For a better approach, let's turn back to the basics. The main challenge in programming reactive systems is to identify the appropriate actions to execute in reaction to a given event. The actions are determined by two factors: by the nature of the event and by the current context (i.e., by the sequence of past events in which the system was involved). The traditional techniques (such as the event-action paradigm) neglect the context and result in code riddled with a disproportionate number of convoluted conditional logic (in C/C++, coded as deeply nested if-else or switch-case statements). If you could eliminate even a fraction of these conditional branches, the code would be much easier to understand, test, and maintain, and the sheer number of convoluted execution paths through the code would drop radically, perhaps by orders of magnitude. Techniques based on state machines are capable of achieving exactly this—a dramatic reduction of the different paths through the code and simplification of the conditions tested at each branching point.

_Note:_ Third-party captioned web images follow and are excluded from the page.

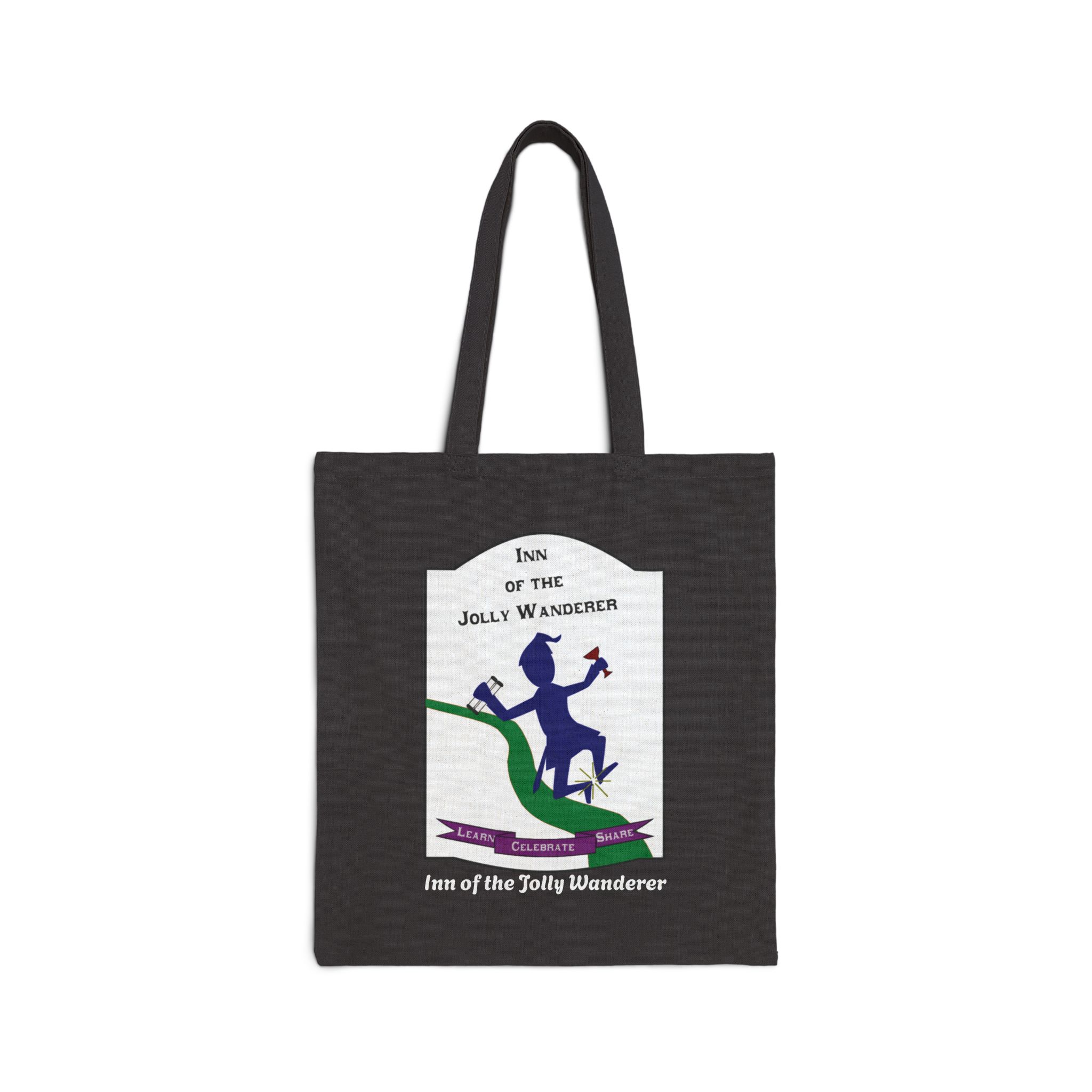 Inn of the Jolly Wanderer Cotton Canvas Tote Bag - Image 5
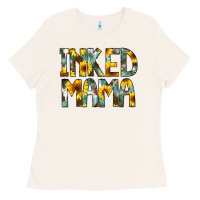 Inked Mama Flowers Ladies Tee | Teevron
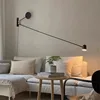 Minimalist Swing Arm Wall Lamp LED  adjustable long pole lamp for reading Living Room Bedroom Luminaria Art Decor dining light 1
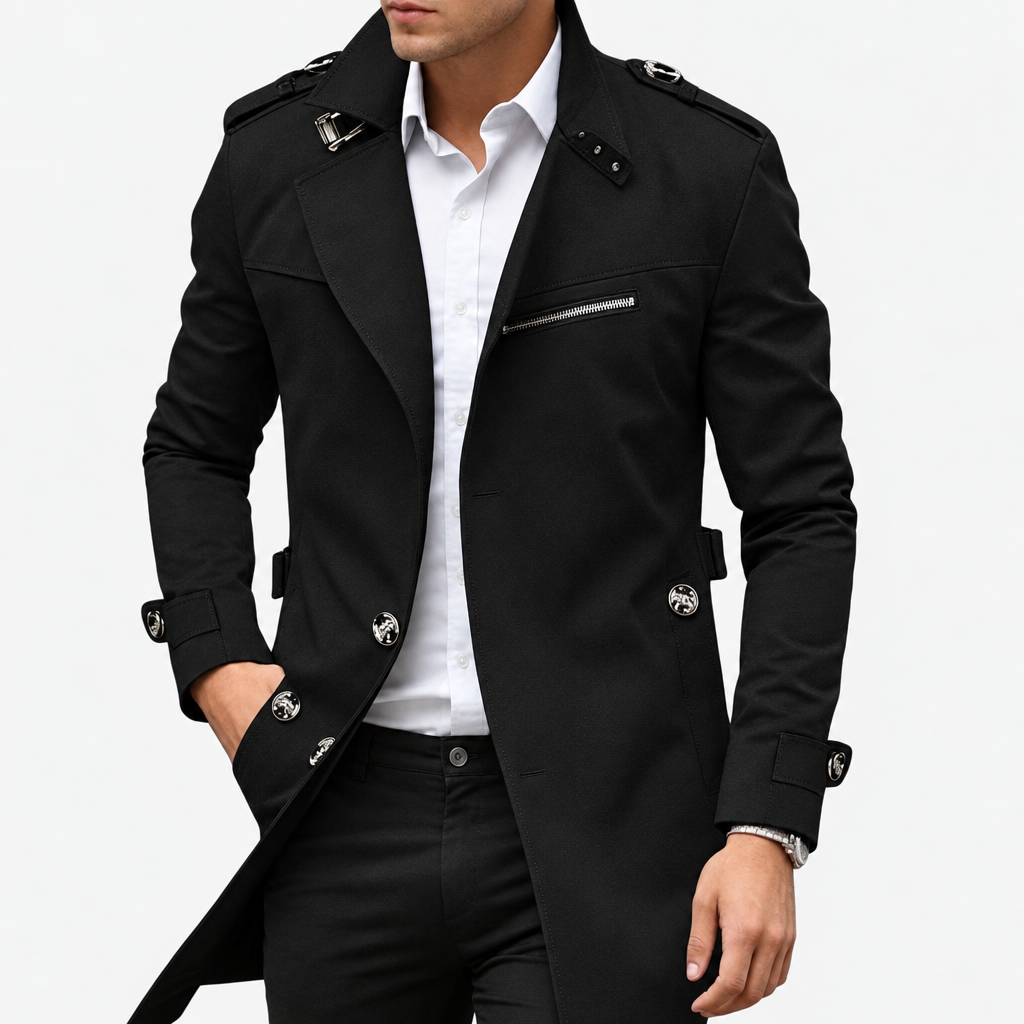 Ingram | Tailored Lapel Mid Length Coat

A state machine makes the event handling explicitly dependent on both the nature of the event and on the context (state) of the system. A state captures the relevant aspects of the system's history very efficiently. For example, when you strike a key on a keyboard, the character code generated will be either an uppercase or a lowercase character, depending on whether the Shift is active. Therefore, the keyboard is in the "shifted" state, or the "default" state. The behavior of a keyboard depends only on certain aspects of its history, namely whether Shift has been depressed, but not, for example, on how many and which specific characters have been typed previously. A state can abstract away all possible (but irrelevant) event sequences and capture only the relevant ones.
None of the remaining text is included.